Edit to add: it’s also part of a small but interesting body of thought about whether things that don’t actually exist can and should compel parts of our decision making processes. I enjoy this short story on acausal trade as another example.

“Gosh, there’s a robot designed to torture me unless I build it. I guess I better take that design, and make it real so I don’t get tortured”

Said no one, ever. At least no one I’d trust with a soldering iron.

1 Like

“God could make a Hell and torture me in it for eternity”

is not really different from

“Magic Robot could make a Simulation and torture me in it for eternity”

I keep looking for the glue that makes these kinds of conspiracies so appealing…

Conservatives part ways with liberals in this country, mostly around how dangerous the world truly is. Conservatives say you have to be tough to survive such a hazardous world, even if (especially!) the world becomes more dangerous from your choices.

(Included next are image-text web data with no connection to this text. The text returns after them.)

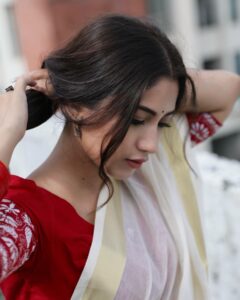 Actress Safa Kabir HD Photos and Wallpapers November 2024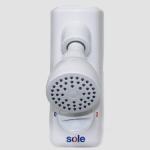 Calentador de Agua Eléctrico Instantáneo Rotoplas Spazio 5500W Blanco
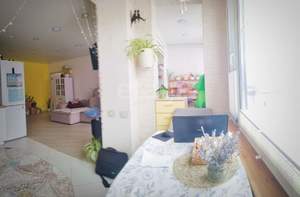 2-к квартира, вторичка, 55м2, 2/3 этаж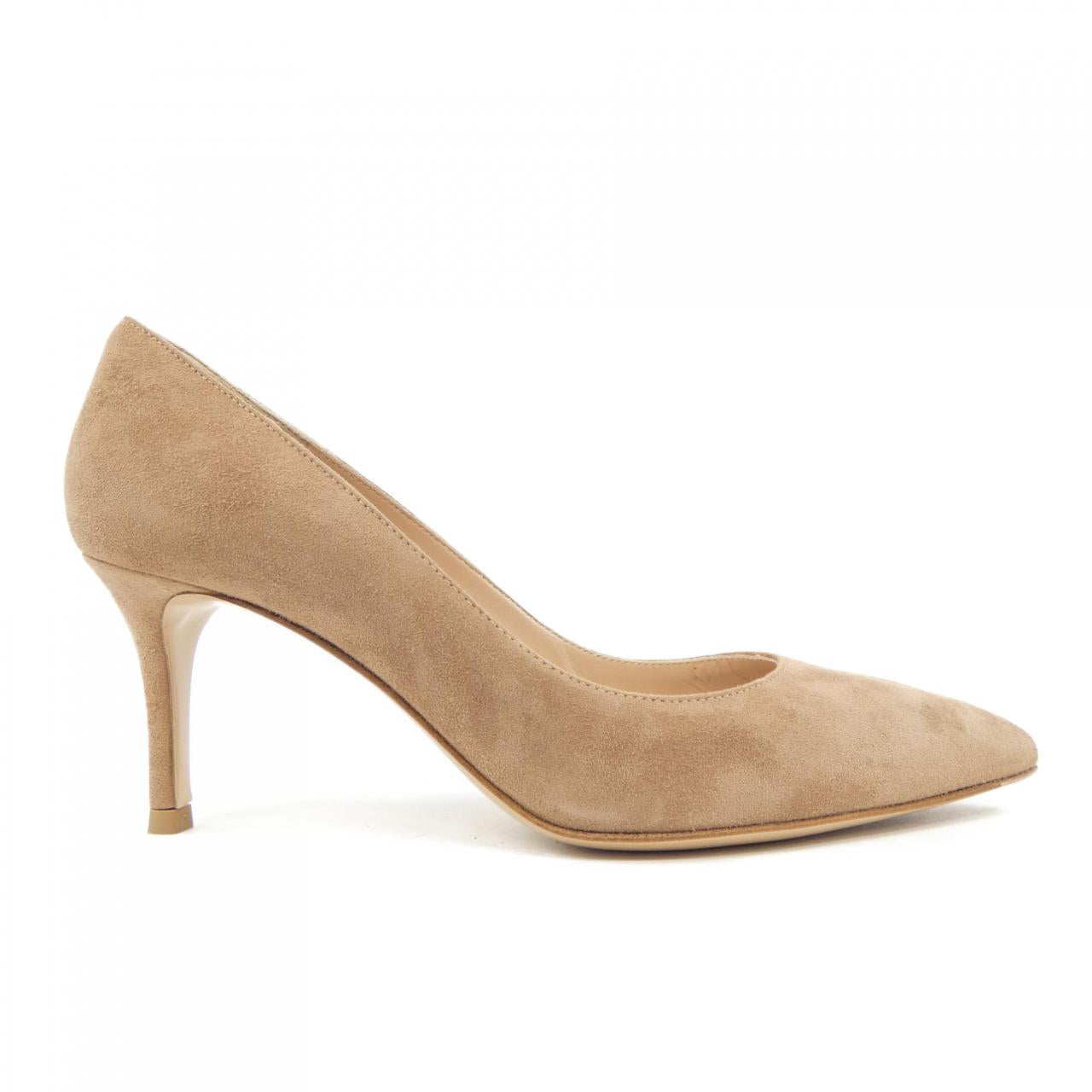 ジャンヴィトロッシ GIANVITO70 パンプス
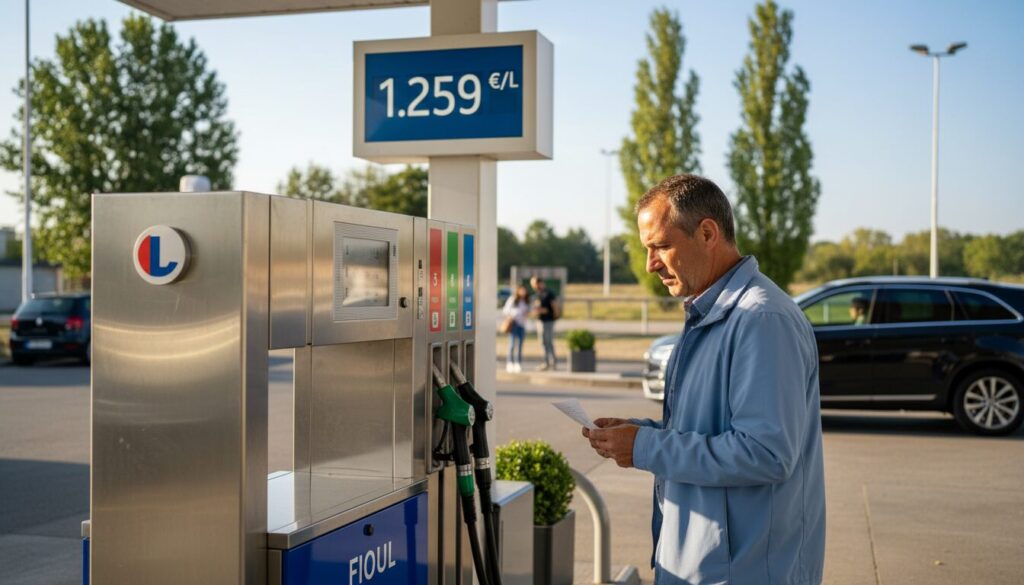 découvrez le prix actuel du fioul chez leclerc et les informations essentielles à connaître pour faire le meilleur choix d'achat.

Where finding objective truth comes into play, science types, and those sympathetic to science, kind of grok that the real truth is difficult to root out, and deliberately obscuring the truth, sets everybody back a little bit.

Those who reflexively call “bullshit!” on video evidence they dont want to accept, are most likely projecting their own dishonesty. If a deepfaked video is the only evidence for something having happened, there will be other evidence out there that will will contradicr it. Journalists have made this process almost as reliable as the sciency one.

Its not the mere existence of deepfakes that causes the problem, its the laziest possible interpretation of “democracy” that insists a vote is a vote, no matter how corrupt or ill informed it is.